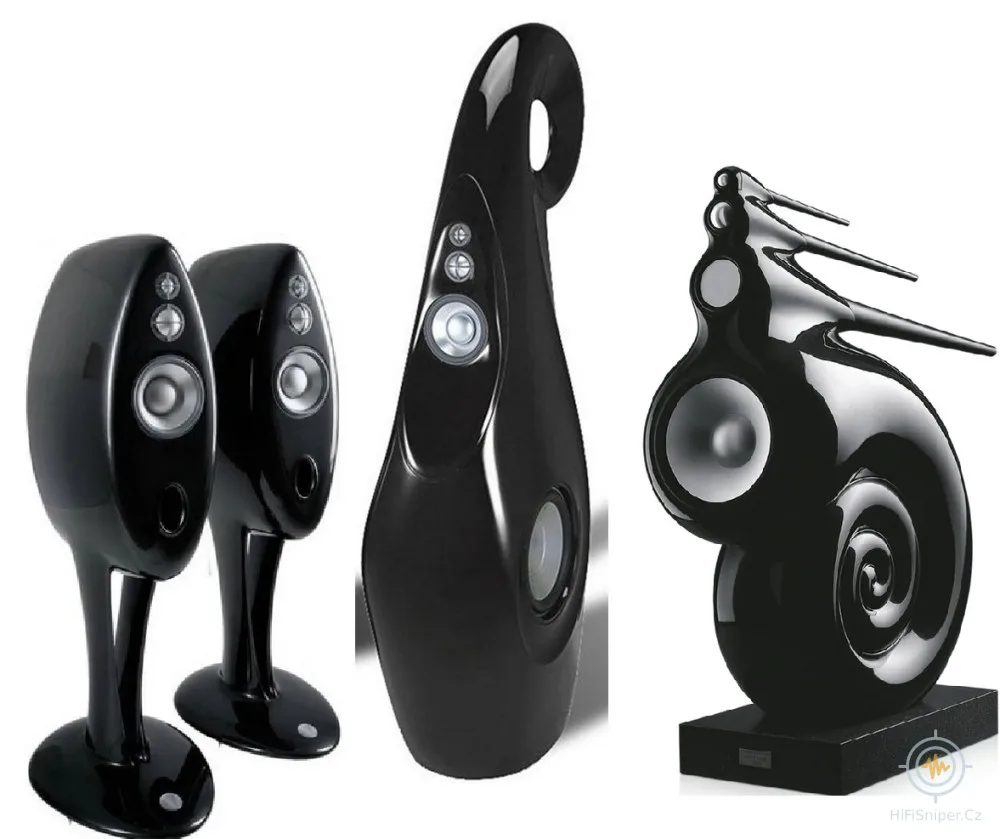 Vivid audio B1 reprosoustavy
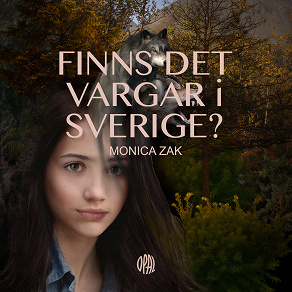 Omslagsbild för Finns det vargar i Sverige?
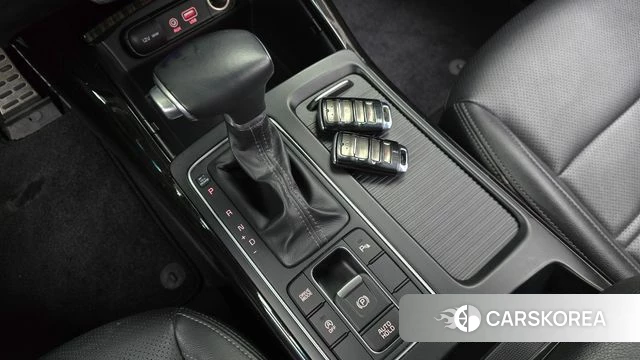 Kia The New Sorento id 4020215 из Кореи 19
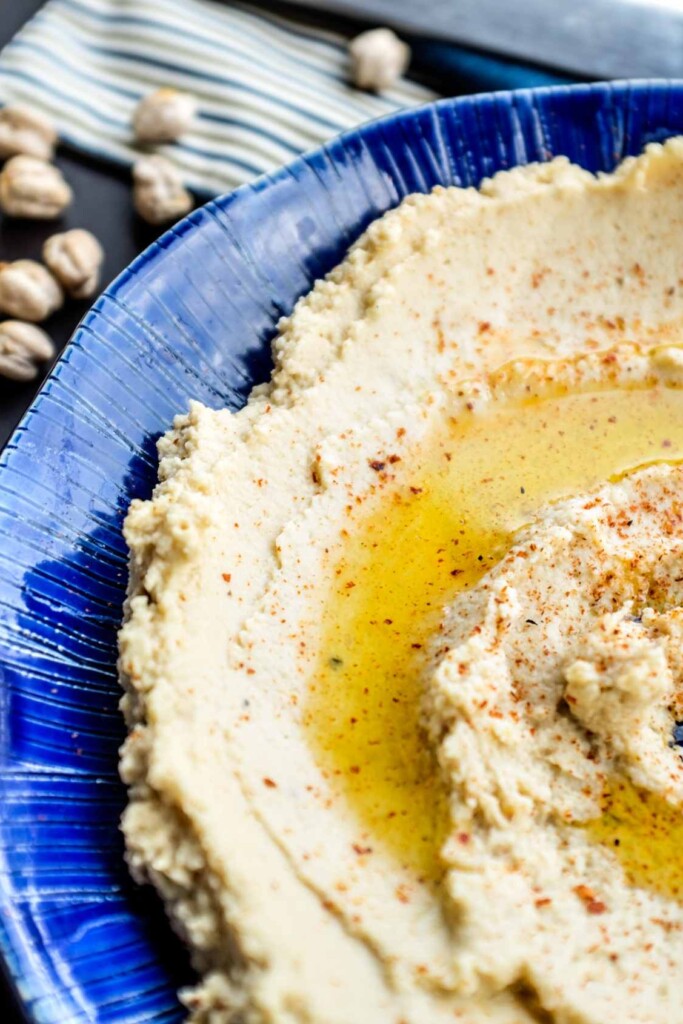 delicious. test: de lekkerste hummus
=======
Exercise goal => Output the whole listing again, exactly, without its pictures.

Finished exercise =>
 Vivid audio B1 reprosoustavy
 Omslagsbild för Finns det vargar i Sverige?
 Kia The New Sorento id 4020215 из Кореи 19
 delicious. test: de lekkerste hummus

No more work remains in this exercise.